CS 411 Fall 2025 > Outline & Supplemental Notes for September 26, 2025
CS 411 Fall 2025
Outline & Supplemental Notes
for September 26, 2025
Outline
Variable-Size-Decrease Algorithms [L 4.5]
- Idea
- Some algorithms rely on solving smaller problems whose size varies, depending on the input. The performance of such algorithms can similarly vary.
- The most notable examples are Quicksort and related algorithms. Most of these use the Divide and Conquer strategy, but at least one—Quickselect—uses Decrease and Conquer.
- Selection
- The Selection Problem
- Given a list and an integer \(k\) with \(0\le k < n\), where \(n\) is the size of the list, return the item that would be at index \(k\) if the list were sorted.
- Obvious algorithm: do a fast sort, then look-up by index.
With \(n\) being size of list
and the basic operation being any one- or two-item operation:
\(\Theta(n\log n)\).
- Note: We use this model in all of what follows.
- If \(k = 0\), then we are finding the minimum. If \(k = n-1\), then we are finding the maximum. Both easily linear-time.
- If \(k = \frac{n}{2}\), then we are finding a median.
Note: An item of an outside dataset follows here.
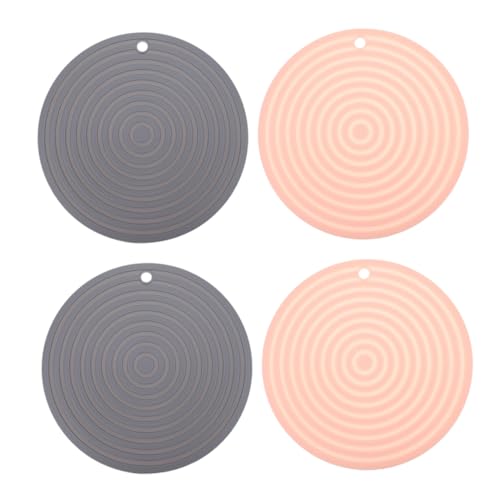 GRIRIW 4 Stücke Silikon Wärmedämmung Pads Für Pet Bowl Matten Tiernahrung Fütterung Matte in Und Grau GRIRIW 4 Stücke Silikon Wärmedämmung Pads Für Pet Bowl Matten Tiernahrung Fütterung Matte in Und Grau von GRIRIW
Not obviously linear-time.
- But linear-time algorithms do exist!
- The Selection Problem
- Quickselect
- How it works.
- Partitioning algorithms: Lomuto, Hoare. We use Lomuto here.
- Write code.
- Analyze.
- Size of input: \(n={}\)number of items in given list.
- Basic op: comparison.
- Average case \(\Theta(n)\).
- Worst case \(\Theta(n^2)\).
- Optimizing Quickselect. (See Supplemental Notes)
- How it works.
- Nim (not covered in class, but, I think, very interesting)
Supplemental Notes
Optimizing Quickselect
Introduction
Quickselect can perform poorly in some circumstances. Unoptimized, it is very slow for sorted or nearly sorted data; in fact this is when its worst case happens. It also has linear recursion depth—again, when unoptimized—and thus linear additional space usage. In addition, it has quadratic worst-case time efficiency.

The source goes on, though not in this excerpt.